Lorsque la jeune fille s’en allait, Abou Tartour disparaissait avec elle, sans être vu, ni entendu, ni soupçonné. Mais il avait fasciné la victime et pourrait, durant la nuit, venir tourmenter son sommeil. Parfois Abou Tartour déployait une singulière astuce, avec un luxe inouï de ruses : il ne s’imposait pas de grimper jusqu’en haut de l’escalier, mais se contentait de se tapir à l’étage inférieur, se mêlant à ces femmes qui se disputaient, riaient bruyamment, ou parlaient fort, et formaient en tout cas un concert des plus variés. Abou Tartour avait l’art d’imiter une des intonations, ou un des bruits, si bien qu’on pouvait hésiter sur leur véritable attribution, féminine ou démoniaque. Quoi qu’il en soit, il atteignait à son gré un jeune homme, à l’étage au-dessus, et ne le quittait pas avant de lui avoir soufflé des idées pernicieuses, qui auraient des répercussions au milieu de la nuit, lorsque tout le monde serait plongé dans le sommeil.
Ainsi l’existence des étudiants, dans cette maison comme à el Azhar, n’était pas toujours pure ; ils ne s’occupaient pas que de science. Il en était de même pour l’enfant. Abou Tartour était là pour se joindre à eux et tourmenter leur vie par cette succession de détentes et de dégoûts. Dans les entretiens qu’il entendait, l’enfant trouvait matière à méditer.
» (pp. 190-193)

Le livre des jours se savoure comme une tranche d’humanité, livrée sans boufissure aucune, telle une effusion que seule freine une réserve pleine de dignité.

(1) Cet ami, Ali El-Kady, a lui-même écrit un livre racontant sa jeunesse, L’envol des souvenirs ou les années du devenir, un livre plein de charmes, de poésie et de tendresse, et qui, à certains égards, n’est pas sans rappeler le récit de Taha Hussein. L’édition est hélas emplie de coquilles, mais on supporte ce défaut, tant le témoignage fourni est émouvant. Il est possible de se procurer cet ouvrage ici.
(2) Taha Hussein, Le livre des jours, trad. de Jean Lecerf et Gaston Wiet, Gallimard, coll. “L’imaginaire”, 1947.
(3) La suite de ce témoignage figure dans La traversée intérieure (Gallimard, 1992).
(4) La préface de Gide date de février 1947. Elle trahit bien ce que celui-ci avait de prétentieux, voire de suffisant (n’y parle-t-il pas de lassantes lenteurs (p. 11) ?)
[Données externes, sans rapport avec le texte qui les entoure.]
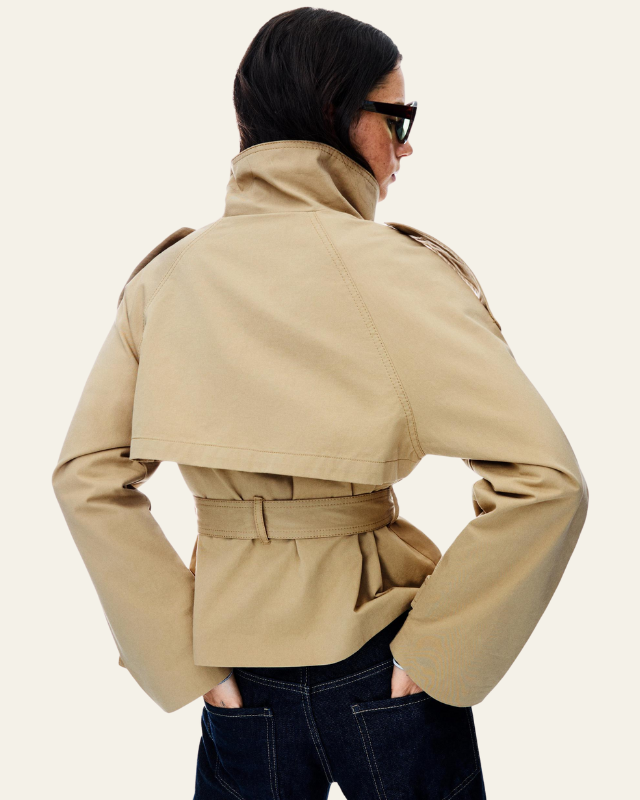 Trench Corto Donna con Cintura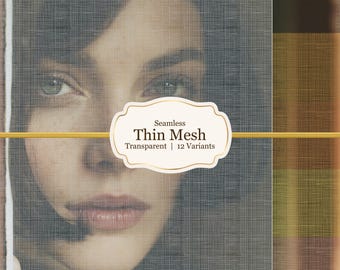 Thin Wire Mesh 72 PNG Bundle | 6 Metallic Colors | Tileable Transparent Seamless | Digital Download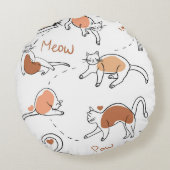 可愛モダンい猫ニャーポウ子供部屋ホワイトブラウンシック ラウンドクッション (裏面)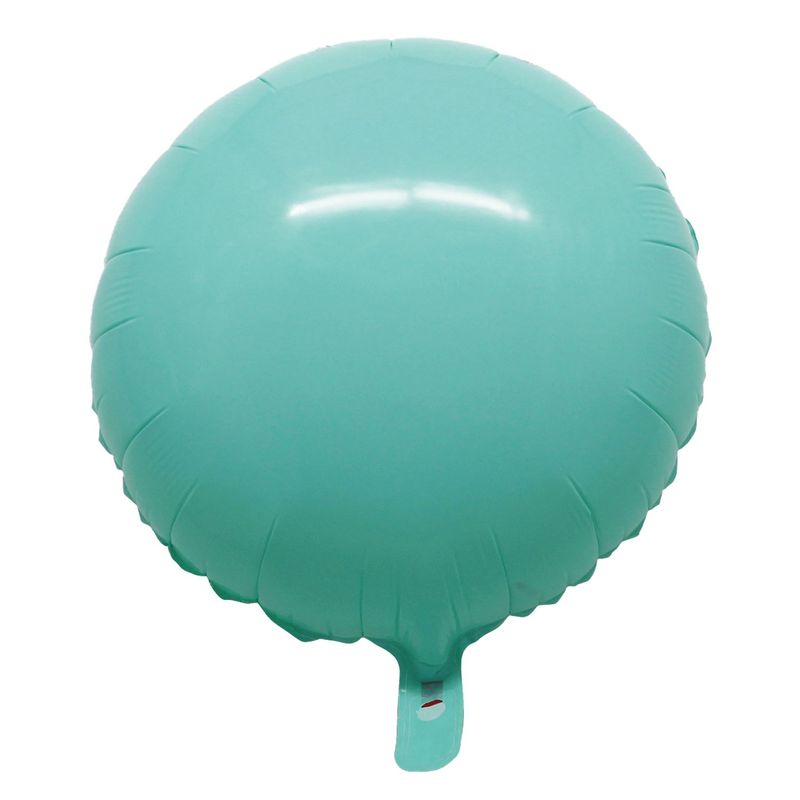 Balão Macaron Redondo com Canudo Azul Tiffany 18" - Silver Plastic - 1 Unidade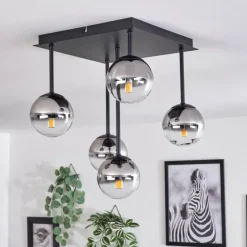 Plafonnier - Verre Chehalis Clair, Fumé, 5 lumières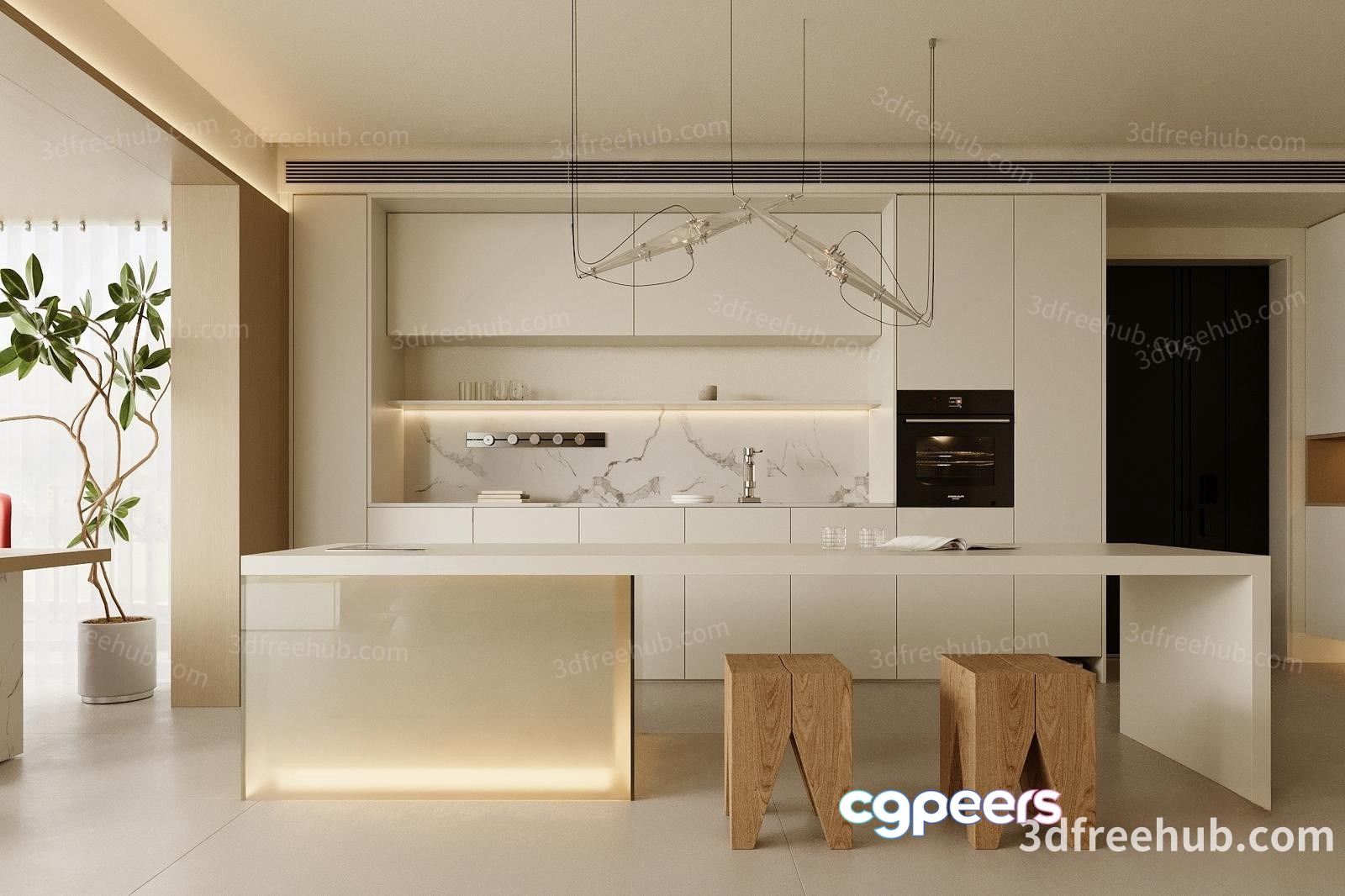 Modern Kitchen 3D Model - 20863 - VRAY Render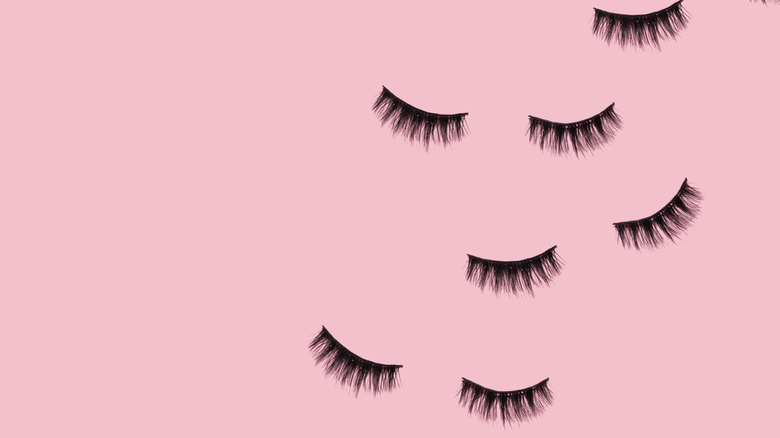 lashes on pink background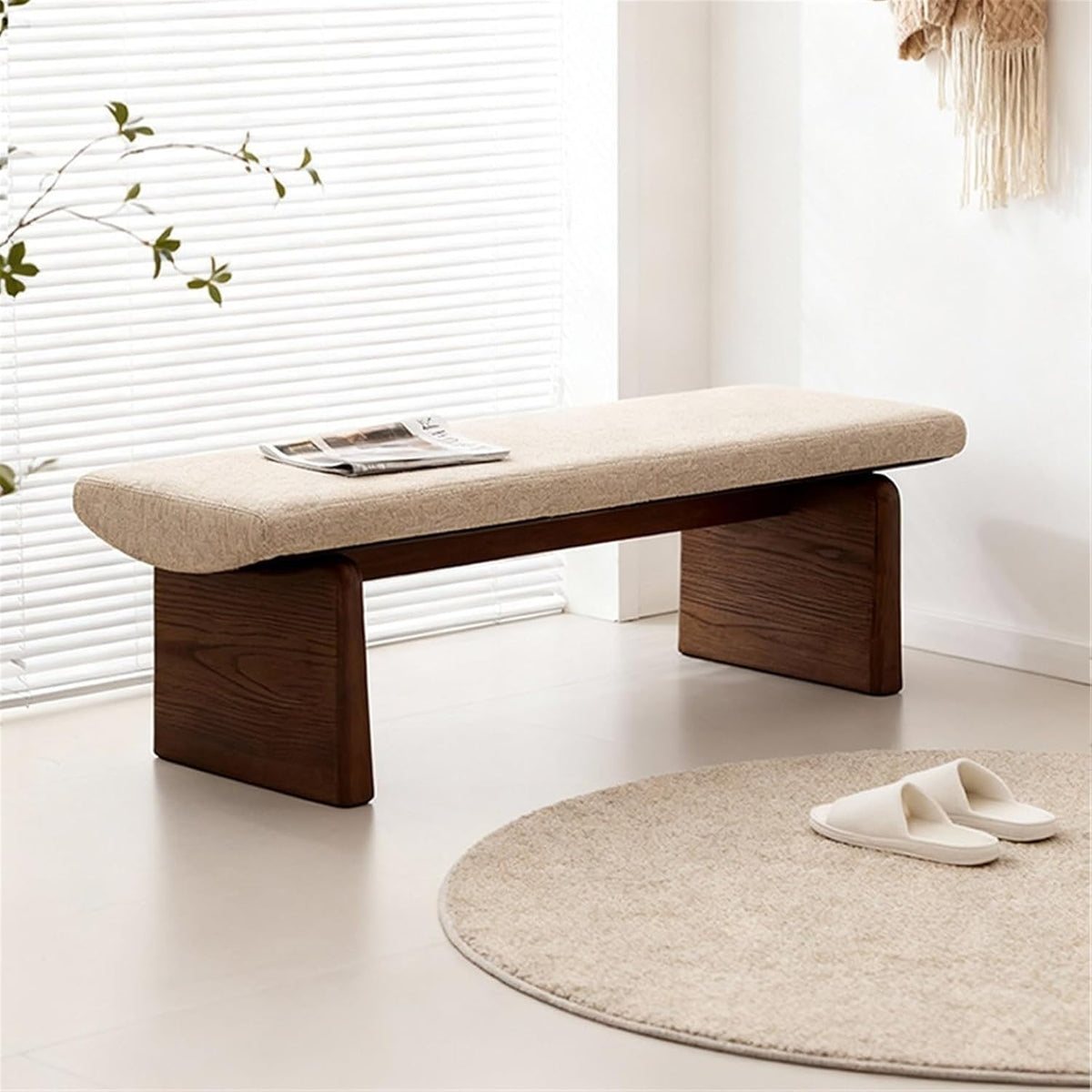 Modern Wooden Sofa Bedroom Bed end Bench Hotel Leisure Entryway(XS)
(5) Plus énigmatique, plus déroutante est la place du narrateur dans l’adresse à sa fille. Jugez-en : sa fille fond en larmes à l’écoute de l’histoire d’Œdipe-Roi (Taha Hussein a traduit Sophocle) et... « Alors ta mère comprit, et ton père, et moi aussi, que, si tu pleurais en pensant à “Œdipe-Roi”, c’est parce qu’il était aveugle [...]. » (p. 110)
(6) Selon l’appellation française actuelle : al-Azhar.